- Promotional banner
- Traditional Chinese: 查無此心
- Simplified Chinese: 查无此心
- Literal meaning: "No trace of the heart"
- Hanyu Pinyin: Chá wú cǐ xīn
- Directed by: Tseng Ying-ting
- Written by: Tseng Ying-ting Yang Yi-chien Lin Pin-chun Hsu Shih-hui
- Produced by: David Tang Janine Chang
- Starring: Janine Chang Ethan Juan
- Production company: Renaissance Films et.al
- Distributed by: Netflix (United States)
- Release dates: October 22, 2022 (London East Asia); September 8, 2023 (Taiwan);
- Running time: 128 minutes
- Country: Taiwan
- Languages: Mandarin Thai

= The Abandoned (2022 film) =

The Abandoned (查無此心) is a 2022 Taiwanese mystery crime thriller film directed and co-written by Tseng Ying-ting.

==Premise==
On New Year's Eve, a corpse washed up on the shore stops Wu Jie, the police officer, when she is ready to kill herself.

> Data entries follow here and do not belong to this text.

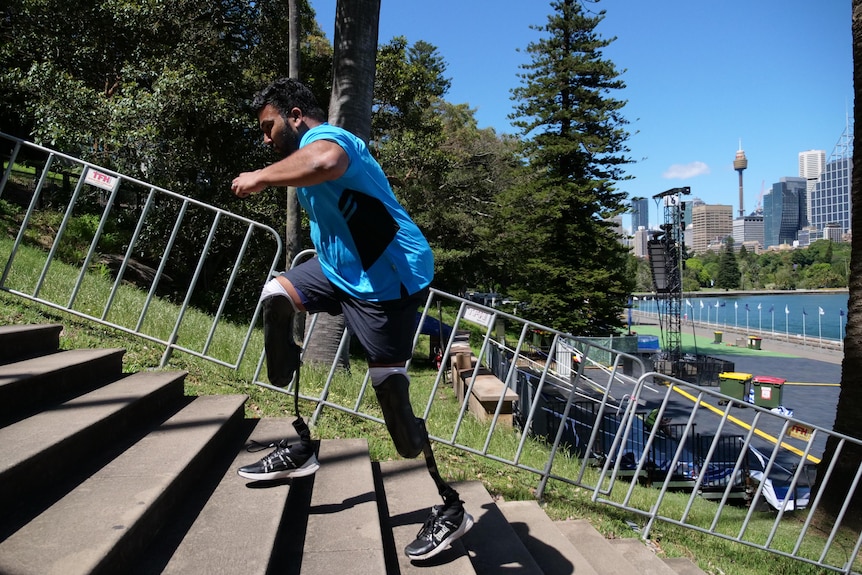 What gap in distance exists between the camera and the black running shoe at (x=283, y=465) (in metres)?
2.65

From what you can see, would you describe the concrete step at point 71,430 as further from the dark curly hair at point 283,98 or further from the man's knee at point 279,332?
the dark curly hair at point 283,98

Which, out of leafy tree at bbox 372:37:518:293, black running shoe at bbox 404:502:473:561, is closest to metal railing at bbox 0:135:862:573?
black running shoe at bbox 404:502:473:561

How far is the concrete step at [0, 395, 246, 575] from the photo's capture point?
1682mm

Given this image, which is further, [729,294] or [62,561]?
[729,294]

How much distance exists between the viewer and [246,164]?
44.6ft

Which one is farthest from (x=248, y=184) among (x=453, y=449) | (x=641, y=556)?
(x=641, y=556)

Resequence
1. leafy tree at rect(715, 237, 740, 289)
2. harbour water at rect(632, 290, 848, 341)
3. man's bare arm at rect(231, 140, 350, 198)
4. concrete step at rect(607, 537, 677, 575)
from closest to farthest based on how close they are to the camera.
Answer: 1. man's bare arm at rect(231, 140, 350, 198)
2. concrete step at rect(607, 537, 677, 575)
3. harbour water at rect(632, 290, 848, 341)
4. leafy tree at rect(715, 237, 740, 289)

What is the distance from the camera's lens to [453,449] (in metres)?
4.47

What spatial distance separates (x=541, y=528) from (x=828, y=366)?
122ft

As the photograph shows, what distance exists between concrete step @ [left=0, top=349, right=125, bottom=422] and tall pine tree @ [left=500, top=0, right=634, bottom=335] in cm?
2801

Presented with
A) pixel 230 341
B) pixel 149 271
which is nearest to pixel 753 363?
pixel 149 271

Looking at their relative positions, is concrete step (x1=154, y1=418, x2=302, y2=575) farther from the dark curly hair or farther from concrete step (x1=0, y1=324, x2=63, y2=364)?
the dark curly hair

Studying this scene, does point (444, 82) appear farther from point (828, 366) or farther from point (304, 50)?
point (828, 366)

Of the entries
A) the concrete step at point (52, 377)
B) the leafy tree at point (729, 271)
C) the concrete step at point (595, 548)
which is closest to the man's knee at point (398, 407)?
the concrete step at point (595, 548) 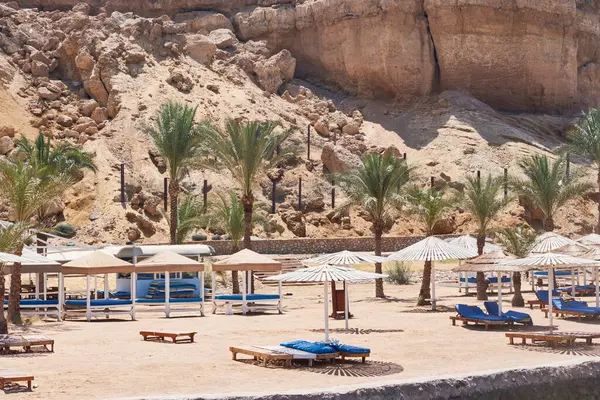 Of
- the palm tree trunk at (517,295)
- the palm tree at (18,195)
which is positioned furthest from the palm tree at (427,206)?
the palm tree at (18,195)

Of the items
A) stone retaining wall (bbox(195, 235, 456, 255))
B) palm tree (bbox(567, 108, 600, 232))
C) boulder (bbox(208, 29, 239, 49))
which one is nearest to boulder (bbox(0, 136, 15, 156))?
stone retaining wall (bbox(195, 235, 456, 255))

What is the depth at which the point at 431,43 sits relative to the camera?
61.2m

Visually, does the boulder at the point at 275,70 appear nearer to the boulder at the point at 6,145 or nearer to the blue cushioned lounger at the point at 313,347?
the boulder at the point at 6,145

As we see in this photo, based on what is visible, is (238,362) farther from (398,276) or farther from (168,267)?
(398,276)

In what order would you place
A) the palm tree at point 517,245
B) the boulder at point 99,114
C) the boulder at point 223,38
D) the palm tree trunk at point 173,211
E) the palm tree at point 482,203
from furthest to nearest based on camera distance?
the boulder at point 223,38
the boulder at point 99,114
the palm tree trunk at point 173,211
the palm tree at point 482,203
the palm tree at point 517,245

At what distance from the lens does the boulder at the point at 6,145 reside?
48688mm

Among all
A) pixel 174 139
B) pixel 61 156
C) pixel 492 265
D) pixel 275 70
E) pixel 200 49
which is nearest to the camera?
pixel 492 265

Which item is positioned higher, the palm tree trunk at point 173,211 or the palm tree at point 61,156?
the palm tree at point 61,156

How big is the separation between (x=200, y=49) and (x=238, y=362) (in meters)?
45.2

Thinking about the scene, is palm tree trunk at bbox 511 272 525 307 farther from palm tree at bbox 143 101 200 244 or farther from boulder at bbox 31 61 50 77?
boulder at bbox 31 61 50 77

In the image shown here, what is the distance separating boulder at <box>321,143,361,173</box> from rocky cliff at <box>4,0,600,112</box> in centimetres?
933

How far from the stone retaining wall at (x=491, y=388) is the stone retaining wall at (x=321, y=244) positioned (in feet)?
95.5

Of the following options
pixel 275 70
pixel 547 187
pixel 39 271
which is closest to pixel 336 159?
pixel 275 70

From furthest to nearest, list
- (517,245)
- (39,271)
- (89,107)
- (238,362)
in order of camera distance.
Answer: (89,107) → (517,245) → (39,271) → (238,362) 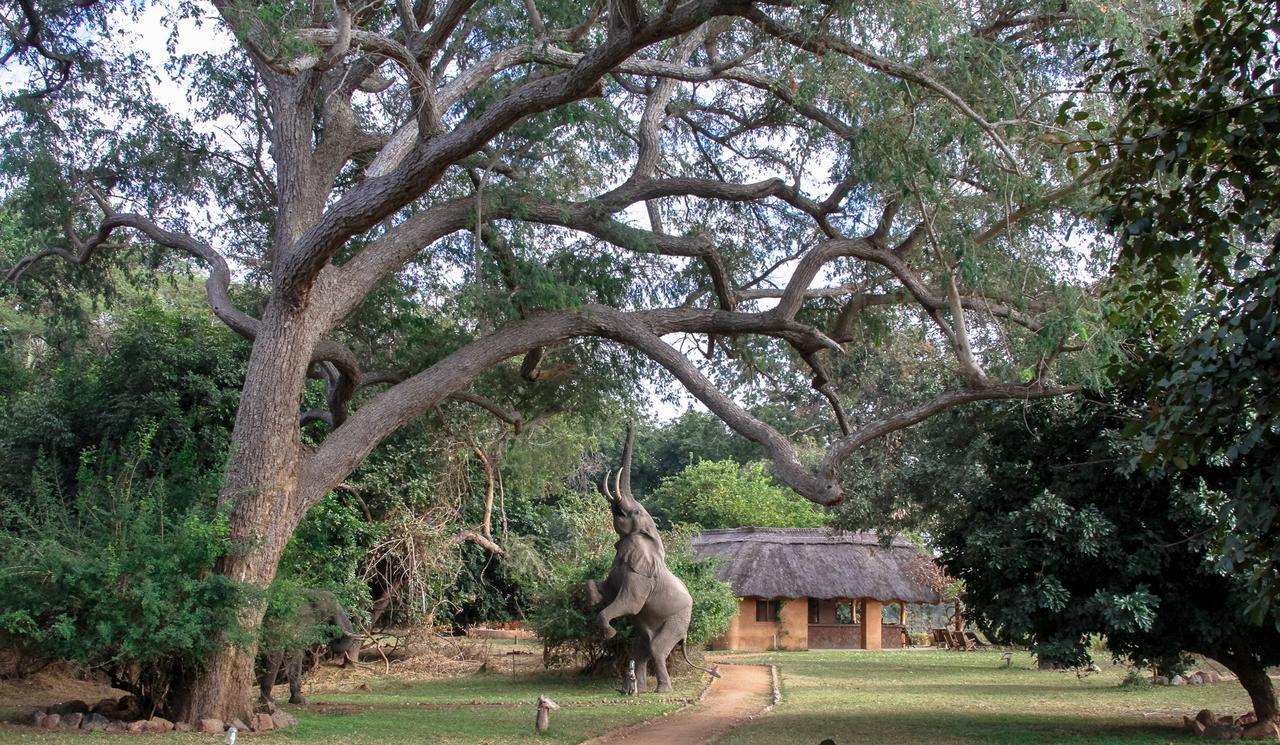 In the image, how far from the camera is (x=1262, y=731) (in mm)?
12508

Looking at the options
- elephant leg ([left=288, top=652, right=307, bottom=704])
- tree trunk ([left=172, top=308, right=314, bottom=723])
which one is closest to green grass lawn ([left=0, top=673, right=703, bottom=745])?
elephant leg ([left=288, top=652, right=307, bottom=704])

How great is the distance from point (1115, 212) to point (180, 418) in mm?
15322

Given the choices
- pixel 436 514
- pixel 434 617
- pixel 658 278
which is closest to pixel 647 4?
pixel 658 278

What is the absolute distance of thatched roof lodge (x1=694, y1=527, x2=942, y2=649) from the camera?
33125 millimetres

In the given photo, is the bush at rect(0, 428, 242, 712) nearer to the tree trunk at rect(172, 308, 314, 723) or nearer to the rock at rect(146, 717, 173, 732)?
the tree trunk at rect(172, 308, 314, 723)

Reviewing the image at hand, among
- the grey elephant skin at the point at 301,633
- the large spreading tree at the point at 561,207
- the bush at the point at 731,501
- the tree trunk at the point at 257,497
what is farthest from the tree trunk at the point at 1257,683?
the bush at the point at 731,501

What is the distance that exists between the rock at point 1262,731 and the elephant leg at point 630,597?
8034mm

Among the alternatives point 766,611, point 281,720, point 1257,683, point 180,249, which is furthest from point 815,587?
point 180,249

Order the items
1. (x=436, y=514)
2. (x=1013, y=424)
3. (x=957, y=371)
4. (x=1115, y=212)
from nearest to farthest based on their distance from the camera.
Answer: (x=1115, y=212)
(x=957, y=371)
(x=1013, y=424)
(x=436, y=514)

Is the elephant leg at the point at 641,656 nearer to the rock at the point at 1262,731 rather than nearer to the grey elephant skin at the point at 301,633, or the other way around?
the grey elephant skin at the point at 301,633

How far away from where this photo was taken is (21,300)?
17438 millimetres

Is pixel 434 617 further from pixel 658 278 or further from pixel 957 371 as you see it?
pixel 957 371

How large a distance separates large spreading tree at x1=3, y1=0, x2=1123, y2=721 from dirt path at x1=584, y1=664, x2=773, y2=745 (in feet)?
11.6

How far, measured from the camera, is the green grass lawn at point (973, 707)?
12.8 metres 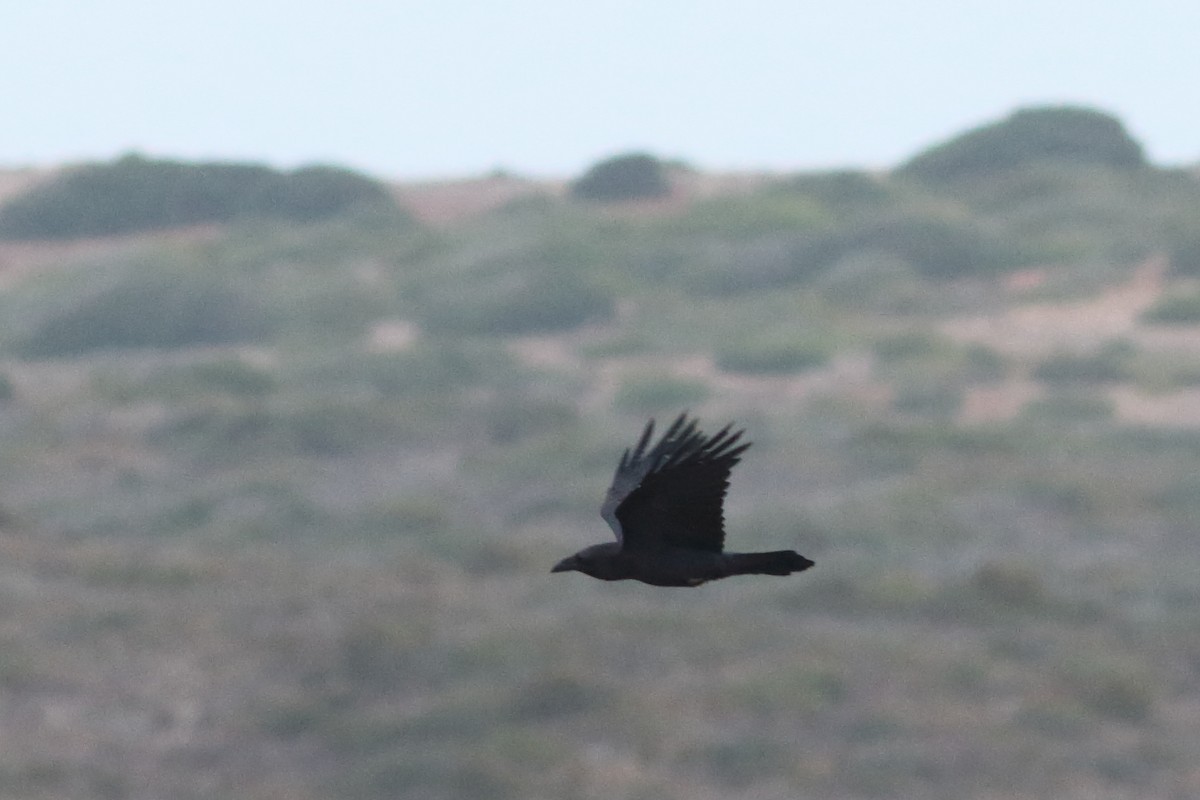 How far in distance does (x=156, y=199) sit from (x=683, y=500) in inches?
1905

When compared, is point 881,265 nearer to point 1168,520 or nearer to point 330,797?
point 1168,520

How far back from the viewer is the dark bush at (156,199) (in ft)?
166

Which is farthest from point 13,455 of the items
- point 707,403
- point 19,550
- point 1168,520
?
point 1168,520

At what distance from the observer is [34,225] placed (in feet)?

The victim was a migrant worker without her heart and a finger. It is obviously a murder. Police get no more clues from the body. In the meantime, they get an anonymous call, which complicates the case. Wu Jie concludes that whoever abandoned the body is not the killer. Lin You-sheng is in trouble because a female dead body has been found in a factory. To avoid the police, he buries the body in the mountains by himself. In the meantime, his girlfriend, Waree, has lost touch. Wu Jie finds Lin and asks him to identify a body that turns out to be Waree's. Lin is seen as the prime suspect of the serial murders.

==Cast==
- Janine Chang as Wu Jie
- Ethan Juan as Lin You-sheng
- Chloe Xiang as Wilson
- Sajee Apiwong
- Hsueh Shih-ling as Huang Dong-qi
- Chen Wei-min as Sheriff

==Release==
The film was screened in the London East Asia Film Festival (LEAFF)'s Competition section on October 22, 2022, followed by its Taiwanese premiere at the Taipei Golden Horse Film Festival on November 5.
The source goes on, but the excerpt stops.